Color screenshot of tweet by Misha Collins from account @mishacollins dated August 29, 2017. Text reads: "The trouble with the #SPNFamily is that we can't take you guys anywhere without making headlines! (Thanks.)" Below text is a link to an "Entertainment Weekly" article. Text reads: "'Supernatural' Stars Raise More Than 200K for Hurricane Harvey Relief. The Supernatural fandom has come together to help those in Texas" with color photo of Misha Collins, Jared Padalecki, and Jensen Ackles standing together and smiling.

Figure 12. "The trouble with the #SPNFamily…" Misha Collins thanks the Supernatural Family on Twitter for their hurricane Harvey relief fundraising efforts, here addressing the #SPNFamily as comprising the fandom (@mishacollins, August 29, 2017;

Color screenshot of tweet by Misha Collins from account @mishacollins dated March 22, 2019. Text reads: "It's been a hell of a run, and we couldn't be more grateful for all of it. No matter what, we'll always all be #SPNFamily." Below text is embedded color video showing Misha Collins, Jensen Ackles, and Jared Padalecki in casual clothing. Video time is 1:23 minutes with 747K views at the time of the screenshot.

Figure 13. Screenshot of a 1:23-minute video embedded in a tweet, with Misha Collins noting that Supernatural's fifteenth season will be its last (@mishacollins, March 22, 2019;

[3.9] After telling the rest of the cast and crew, Supernatural's three leads recorded a video for the fans to inform them that season fifteen will be the show's last, showcasing just how seriously family is taken as a community identity. Supernatural fans didn't have to wait for an official statement from the network; the cast spoke to them directly, apparently immediately after all producers were made aware. During the video, Collins even makes the point of assuring fans: "we love you guys and this family is not going anywhere" (see figure 13).

4. Collaborative results

[4.1] The unification of an engaged, enthusiastic fandom with a public figure who establishes himself and his fan base as friends cultivates a culture of intense engagement, support, and loyalty, which is then wielded for various activist endeavors (Bennett 2014a) such as raising funds through Random Acts to buy a bus and build a campus and school for a rural Nicaraguan community (Random Acts 2019b). Through Dreams2Acts Nicaragua, fans were encouraged to fundraise and had the opportunity to be part of a team that met Collins and helped build the school (Random Acts 2019b). Another activist endeavor, YANA, is now a fully functional online hotline with trained volunteers, of which there were almost 10,000 at the end of the T-shirt campaign during which over 10,000 T-shirts were sold (cocklestfw 2016; miss-devonaire 2016).

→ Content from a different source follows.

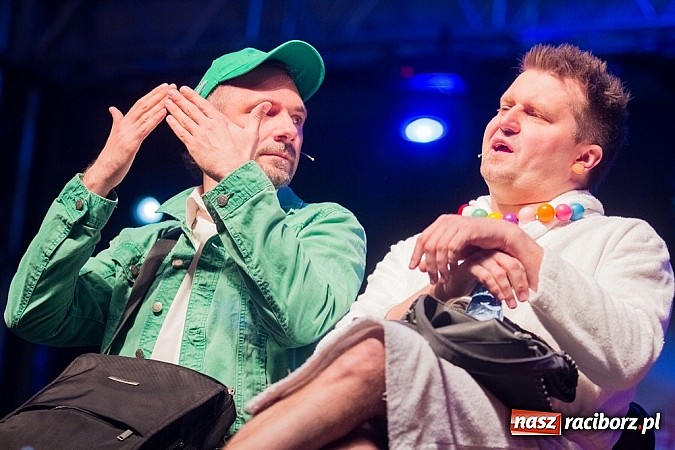 Zdjęcie w galerii na portalu naszraciborz.pl: Kabaret Młodych Panów bawił na majówce w Nędzy wiadomości z regionu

[4.2] Fans were also mobilized to campaign and participate in the political process during the 2016 US presidential election. Though Collins's robust efforts go beyond my scope here, figure 14 lends some insight as to how this mobilization manifested.

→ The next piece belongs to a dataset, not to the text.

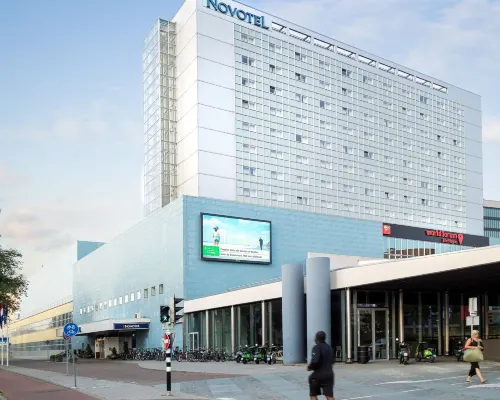 โนโวเทล เดน ฮาก เวิร์ล ฟอรัม โรงแรมในScheveningen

Color screenshot of tweet by Misha Collins from account @mishacollins dated October 10, 2016. Text reads: "My fellow citizens & I had a great talk about the importance of voting. Now I'm off to Cedar Rapids. Meet me at 11:15 @ the Blue Strawberry!" Below the text is a color selfie of Misha Collins wearing sunglasses and smiling with a large group of women and several men clustered behind him.

Figure 14. "My fellow citizens & I…" Misha Collins tweets his followers to meet him on a short, informal campaign trail in Iowa (@mishacollins, October 10, 2016;

[4.3] Collins also raised money via a GoFundMe campaign to buy Congress's data after they voted to pass a law that allowed internet service providers to collect and sell users' information without their consent (Collins 2017). Though the campaign did not attain the $500 million required to buy the data, all the funds that were raised were donated to the American Civil Liberties Union (Highfill 2016).

[4.4] The Greatest International Scavenger Hunt The World Has Ever Seen (previously known as GISHWHES and now as GISH) is an international scavenger hunt initiated by Collins with the goal of "wak[ing] up the world and chang[ing] it for the weirder and better" (GISH 2019). Since 2011, the hunt has moved its participants to volunteer at over 3,000 food pantries, to clean up thousands of beaches, to volunteer at women's shelters and senior centers, and to make cancer patient care bags (GISH 2019).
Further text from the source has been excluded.